PUBLISHED: 12:00 26 March 2015

Arsenal's Danny Welbeck left) and Newcastle United's Remy Cabella (right) battle for the ball at St James' Park,

Arsenal's Danny Welbeck left) and Newcastle United's Remy Cabella (right) battle for the ball at St James' Park,

PA Wire/Press Association Images

Even trailing a sequence of six straight victories in their wake, it takes a substantial leap of faith to envisage Arsenal snatching the Premier League title.

Despite that recent run of form – comfortably their best of the season – Arsene Wenger’s side are still seven points adrift of leaders Chelsea, who have a game in hand.

And, although the Blues have yet to visit Emirates Stadium next month, even Wenger concedes that the gap will almost certainly be too great for his side to close.

“Chelsea have a good security and at the moment I feel they have enough to be quite serene,” 
observed the Arsenal boss after Saturday’s 2-1 win at Newcastle.

“We have Manchester City in front of us but, if you look behind us, it is tight as well, so the important thing is to win our games. Chelsea have too much security.”

However, even if the Gunners’ dreams of a first championship since 2004 are unlikely to materialise, there is every reason for them to channel their efforts into a concerted challenge for the mantle of runners-up.

After all, a full decade has passed since Wenger’s team claimed second place in the league – or even came genuinely close to doing so and that, for a club who won three titles in the preceding eight years, is not good enough.

Sneaking into fourth place and the Champions League qualifying round might have been deemed acceptable during the years that Arsenal were financially hamstrung by their move to the Emirates.

But that is no longer the case. In recent times, the Gunners have forked out transfer fees in excess of £30m and £40m and there need to be some tangible indications of that investment bearing fruit.

Unfortunately, no such signs can be found in the Champions League itself – where Arsenal have just departed the tournament at the last 16 stage for the fifth year running and, arguably, against the weakest opponents they have faced in that time.

While last season’s FA Cup success was more than welcome – as would be a repeat performance this time around – the Gunners desperately need to show that they are making progress back towards the Premier League summit as well.

Another fourth-place finish this year would suggest stagnation rather than development.

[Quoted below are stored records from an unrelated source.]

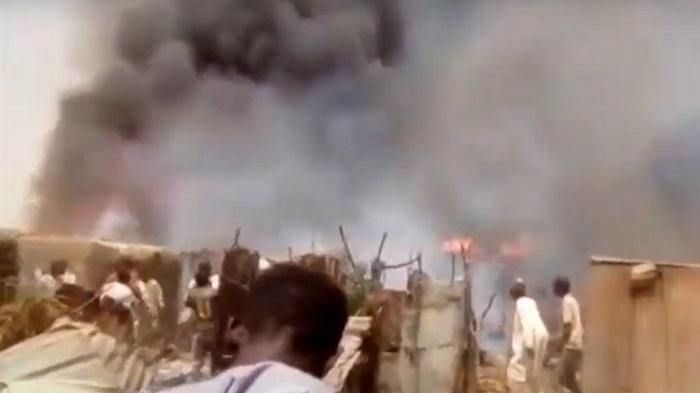 В Нигерии при пожаре в лагере для беженцев погибли 14 человек (видео)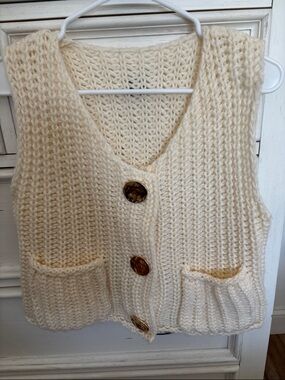Cream Chunky V-Neck Button Knit Vest
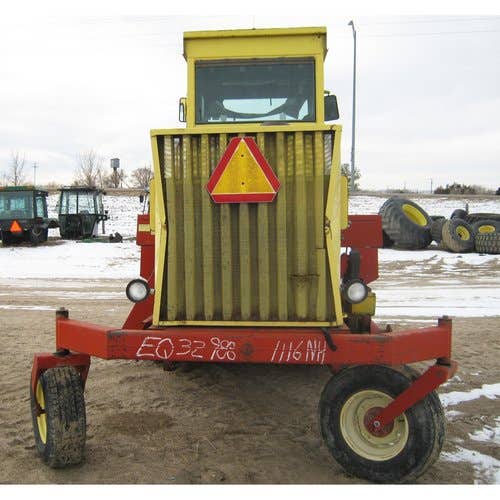 Used New Holland 1116 Hay Cutting parts.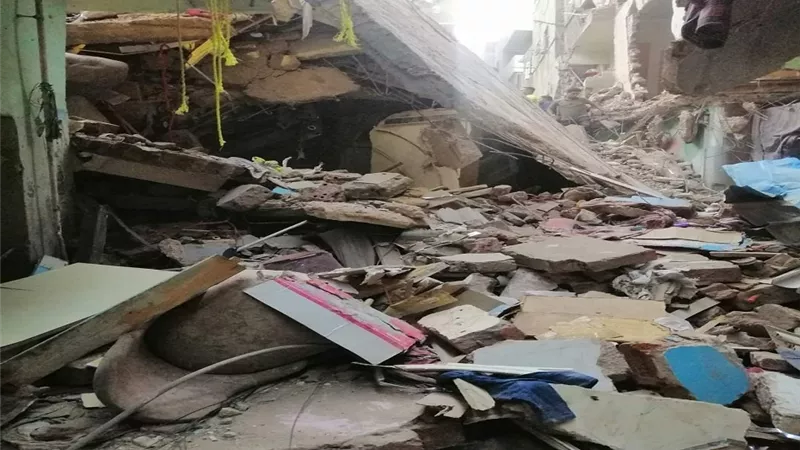 مصرع واصابة 6 اشخاص اثر انهيار منزل قديم بحدائق القبة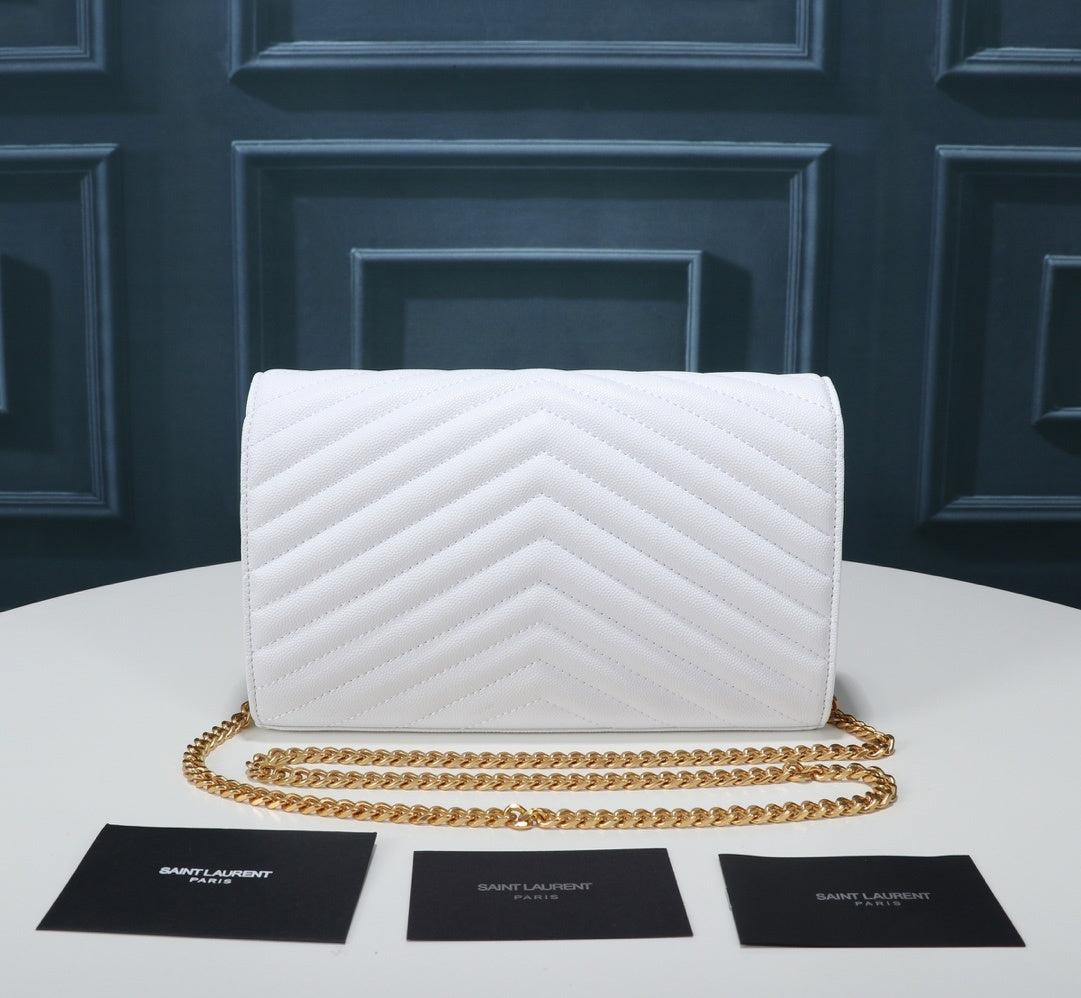 Cassandre Matelassé Chain Wallet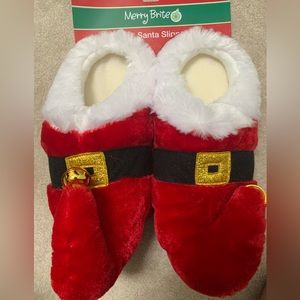 Santa slippers S/M new 7/8 Christmas Festive footwear NEW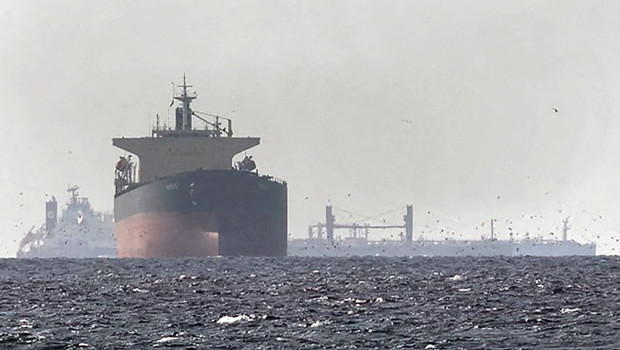 Savaşın ortasında deniz hapsi... 20 bin denizci Hürmüz’de arafta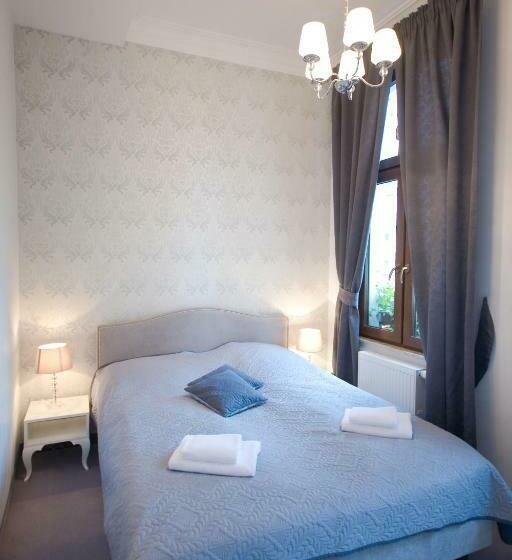 شقة غرفة واحدة, Willa Puck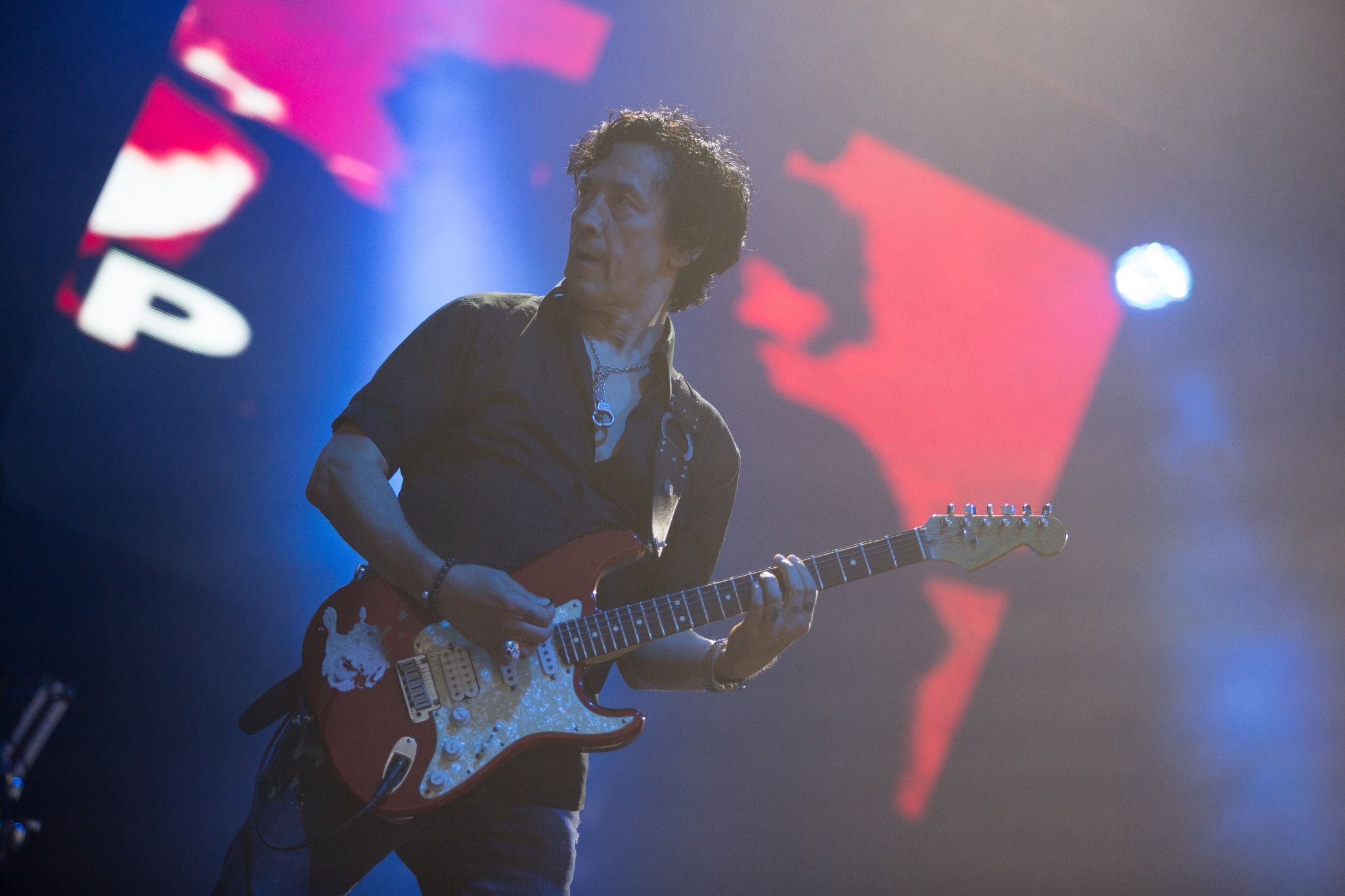 Jan Borysewicz z gitarą podczas koncertu Lady Pank w ramach Juwenaliów Politechniki Warszawskiej (2017). Fot: Itokyl - CC BY-SA 4.0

So Arsenal must seize the opportunity to elbow their way into at least the top three, or ideally the top two.

And, while Liverpool’s chances of a second successive runners-up spot cannot be discounted, the likelihood is that the Gunners will need to see off the two Manchester clubs to achieve it.

United, of course, lie in wait for Wenger’s side on the penultimate weekend of the season and no doubt will be determined to take revenge for their recent FA Cup quarter-final defeat at Old Trafford.

Next month, though, they face City and then Chelsea in successive games and overall their run-in suggests second place may be too tall an order.

City, on the other hand, will feel relatively confident about a schedule that includes home games against Aston Villa, West Ham and QPR and it is certainly not impossible to see them garnering another 20 points or so to augment their current total of 61.

That would leave the Gunners requiring seven wins from their last eight matches to have a chance of overhauling City – and recent statistics do give an inkling that they may need to top the 80-point mark to finish in second place.

Over the last five seasons, the Premier League runners-up have totalled an average of 81 points, while third place has usually been attainable by a more modest 75 or fewer.

So a top three spot may be more realistic for Arsenal this season. Make no mistake, however, that – not fourth – is the minimum they need for Wenger’s belief that his team are heading in the right direction to be taken seriously.